Je ne pourrais pas vous répondre pour ce qui est du secteur privé. Aux Etats Unis, les professeurs assistants ont des salaires de départ autour de 80.000 dollars (ou plus dans certains domaines comme la finance). Les salaires de départ sont du même ordre au FMI. Si l’on obtient la « tenure’’, une décision prise au bout de 5 ans environ, les salaires en fin de carrière sont typiquement deux ou trois fois plus élevés.
9) L’économiste dispose-t-il d’une marge de manœuvre (si oui, suffisante) pour pouvoir appliquer ses recommandations ? Est-il légitime pour le faire ou doit-il forcément se rapprocher du politique ?
Cela dépend du métier et des préférences de chacun. Certains chercheurs sont des théoriciens qui laissent à d’autres le soin d’explorer les implications de leurs théories. Certains, comme moi, ont des intérêts plus appliqués. D’autres encore entrent de plein pied dans les discussions politiques.
10) Le métier d’économiste est-il un métier d’avenir ? Recrute-t-on beaucoup dans ce milieu ? Sur quels critères ? Est-ce un métier réservé qu’aux meilleurs (Normaliens, Polytechniciens notamment…) ?
Le marché des doctorants aux Etats-Unis et en Europe est un marché porteur et le restera. Comme dans tous les domaines, les meilleures places vont en général aux meilleurs. Mais d’autres que les Normaliens ou les Polytechniciens peuvent fort bien réussir (ceci est mon cas…)
11) Quels conseils donneriez-vous aux étudiants pour devenir économiste ?
De savoir s’ils aiment vraiment l’économie… Et s’ils veulent vraiment devenir chercheur car la recherche peut être passionnante mais elle demande beaucoup de patience.

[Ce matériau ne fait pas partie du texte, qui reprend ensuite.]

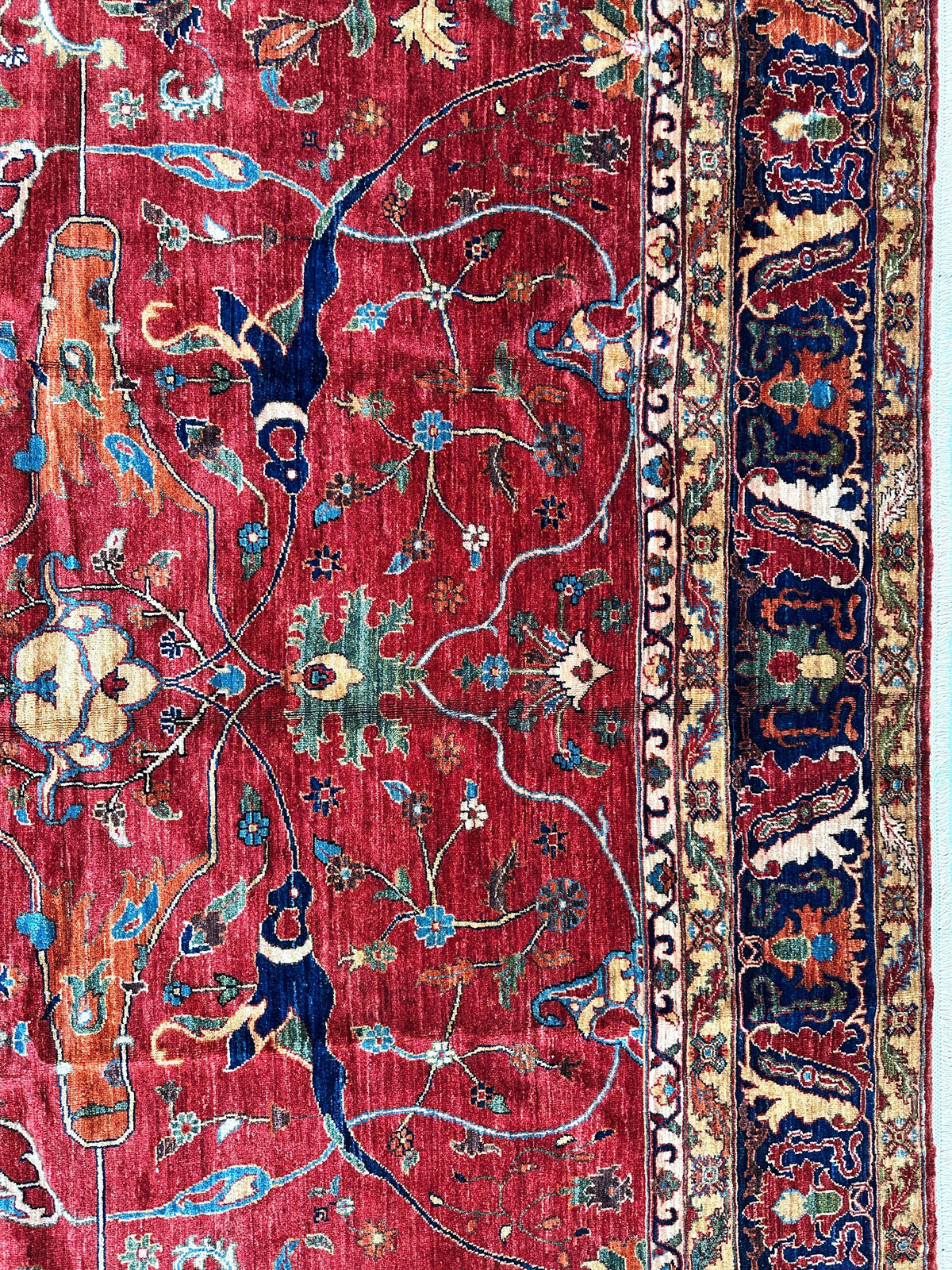 Hand-Knotted Afghani Bidjar Wool Rug – 9’x12’6” – Intricate Geometric & Floral Motifs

12) La crise économique actuelle perdure et le chômage ne cesse d’augmenter en France. Quels conseils donneriez-vous aux chômeurs pour garder le moral et trouver un emploi ? Peut-on espérer une baisse du chômage en France pour les prochain(e)s mois/années ?
Mon conseil irait plutôt aux étudiants en début d’études. Choisissez des domaines dans lesquels il y a des emplois. Ce conseil est d’autant plus important que le chômage est élevé et que les places sont rares….
13) Merci de votre témoignage. Je vous laisse le mot de la fin.
La réussite professionnelle dépend à la fois des choix et de la chance. J’ai eu beaucoup de chance.